30th July 2015
Following the latest rhetoric from the US Federal Reserve some economists are split on whether September will mark the point at which US interest rates move up.
In its latest statement, the Federal Open Market Committee (FOMC), which is responsible for setting interest rates in the US, did not provide any clear hints that a September rate hike is coming.
However Steve Murphy US economist at Capital Economics said this does not mean that it will not happen, “especially since the statement sounded a bit more upbeat on the economy”.

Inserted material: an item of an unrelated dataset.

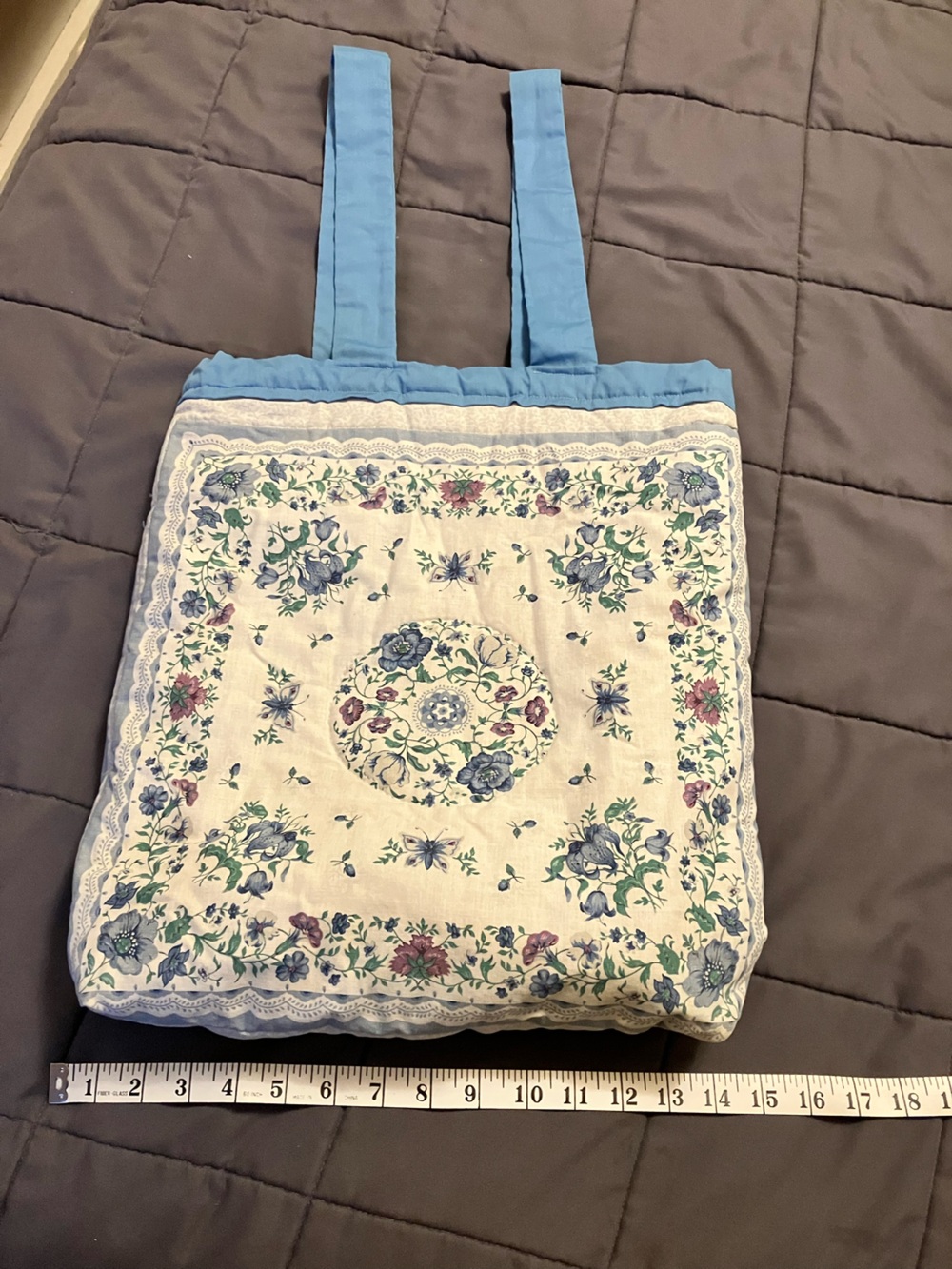🏷️ Vintage Quilted Floral Tote Bag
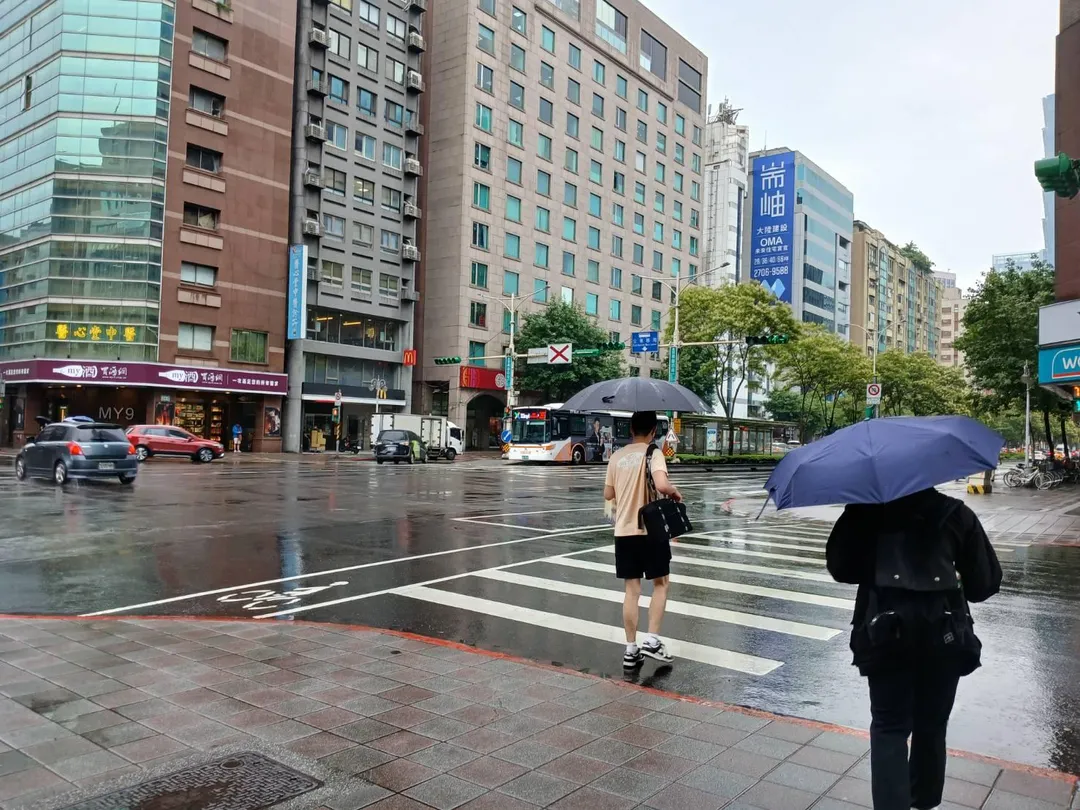 726罷免投票今日登場,提醒民眾把握降雨空檔盡早出門投票。(示意圖/中天新聞)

He said: “The policy statement was largely unchanged, with only some minor tweaks to acknowledge the improvement in the economic data. The housing sector is described as showing ‘additional’ rather than ‘some’ improvement, jobs gains are now thought to be ‘solid’ and the unemployment rate is ‘declining’ rather than having ‘remained steady’ as before.”
But while these tweaks fell short of a clear hint that a rate hike is coming at the next meeting in September, Fed chair Janet Yellen has gone on the record to say that the first rate hike is likely to come this year.
The latest minutes also showed that 15 of 17 officials expected rates to rise this year and 10 of 17 anticipated two 25 basis-point increases.
Murphy added: “This suggests there’s a good change that rates will rise at two of the three meetings left this year, with September still very much in play. By that point, concerns about Greece will probably have receded further and concerns about core inflation overheating could have grown.
“Our view is that the Fed will raise rates at the September and December FOMC meetings, taking the fed funds target range to between 0.50% and 0.75% at year-end. Perhaps more importantly, thereafter we see stronger wage growth and core inflation resulting in a much more aggressive pace of tightening than is currently anticipated by the markets and Fed officials, leaving the fed funds rate at 2.25% to 2.50% by end-2016.”
However Anna Stupnytska, global economist at Fidelity Worldwide Investment feels December remains a more realistic option for a rate lift-off.
She said: “The July FOMC’s statement contained minimal changes and overall did not provide any further clues as to the timing of the first interest rate hike. Clearly, as the Fed remains in the data dependent mode, all options are still on the table and a September move is still in play.”
Stupnytska asserted that the focus is now squarely on the data over the next few weeks. “Among the main indicators to watch in the run-up to the September meeting are the Q2 Employment Cost Index, US core PCE, as well as the upcoming labour market reports for July and August. Visible strength in all of these, combined with decent pace of business activity and consumer spending, could be enough to warrant the first hike in September, provided global risks from China and Greece remain contained.”
However, given some slack left in the labour market and the continued downtrend in commodities, inflation and wages are unlikely to start showing a meaningful turnaround before year-end she added. Stupnytska said: “With the strength of the US dollar and little external demand still providing an additional moderate drag for growth, the Fed should be able to wait for a bit longer. In my view, December remains a more realistic option for the lift-off.”